▶ **Task to complete**
Reproduce only the lines below from the line containing "A Boddy & Riggwood" to the line containing "horseback riding along", exactly as written, with both end lines kept. Omit the pictures.

▶ **Entries supplied**
--- START ---
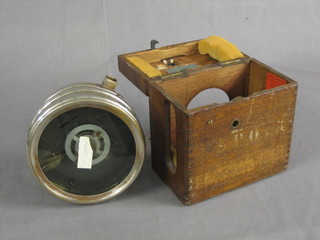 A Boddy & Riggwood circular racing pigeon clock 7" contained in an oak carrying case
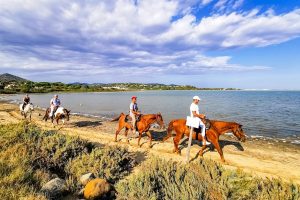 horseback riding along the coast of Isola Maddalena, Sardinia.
--- END ---
--- START ---
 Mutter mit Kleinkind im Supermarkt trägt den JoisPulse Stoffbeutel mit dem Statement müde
--- END ---
--- START ---
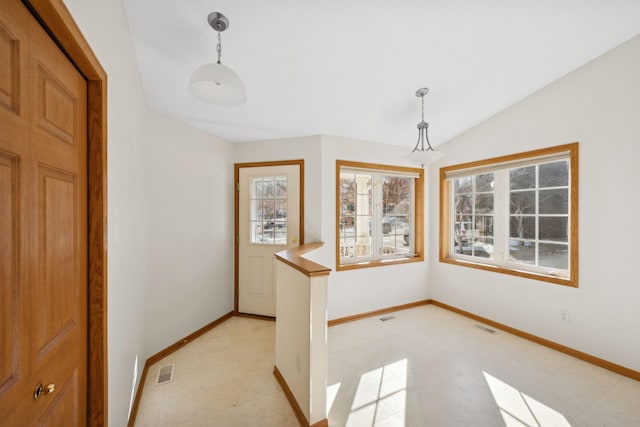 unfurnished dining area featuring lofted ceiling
--- END ---
▶ **Exercise response**
 A Boddy & Riggwood circular racing pigeon clock 7" contained in an oak carrying case
 horseback riding along the coast of Isola Maddalena, Sardinia.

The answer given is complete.